自転車に乗っている間、もちろん2人で喋ったりもするんですが喋っていないときもあるわけで。そんな時僕は1人で歌を歌っていました。だってあまりにも牧歌的だし、人はあまりいないし、開放感がたまらなかったから。

最初は、”線路はつづくよ”とか、”おかをこえゆこーおよー”などの旅の気分が出る童謡を歌って、その次にTKの歌、篠原涼子のLady Generationや hitomiの Go to the Topなどを口ずさみ、そのあと山口百恵や中森明菜など最近なぜか聞いてしまってハマっている昔の歌姫たちのシリーズに突入。”そういえば、男性歌手の言うた歌ってないなー。”と思って、福山雅治の桜坂や、ユズの夏色を。けど、一番ペダルをこいでいてあったのは大黒摩季の熱くなれ!かなー。

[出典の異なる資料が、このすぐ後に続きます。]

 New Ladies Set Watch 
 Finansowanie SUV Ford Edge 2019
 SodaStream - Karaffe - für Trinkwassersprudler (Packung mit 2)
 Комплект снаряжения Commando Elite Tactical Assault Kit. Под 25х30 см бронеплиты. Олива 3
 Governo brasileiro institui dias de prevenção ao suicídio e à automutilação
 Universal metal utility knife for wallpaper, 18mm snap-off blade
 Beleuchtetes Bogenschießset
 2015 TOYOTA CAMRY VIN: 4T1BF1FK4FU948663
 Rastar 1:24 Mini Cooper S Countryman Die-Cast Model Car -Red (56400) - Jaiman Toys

そんな半大声で歌っている僕を横目に何にも気にしないユリ君。彼の唯一知っている日本語の歌、”ポニョ、ポニョ さかなのこー”って歌ってました。歌も歌えたし、体も動かせて、素敵な景色も楽しめる。サイクリングおすすめですよ。

夕飯はユリ君が作ってくれたので、僕がデザートを。

フルーツはざく切りの桜桃とラズベリー。白いのはムースなんです。ムースって意外と簡単できるんですよ。まずは卵白1つを少しツノがたつまで泡立てます。ほかのボールのホイップクリーム150mlと砂糖40gをいれてこちらも軽くツノがたつまでかき混ぜてください。後は先ほどの卵白を入れて混ぜればできあがり。ただしこの時、かき混ぜるのでなく、やさしく織り込む感じで。後はそのまま食べてもいいですし、このように果物を入れてもオッケー。無0スはそのままにしても、果物と一緒でも15分ぐらい冷蔵庫で冷やしたがいいですよ。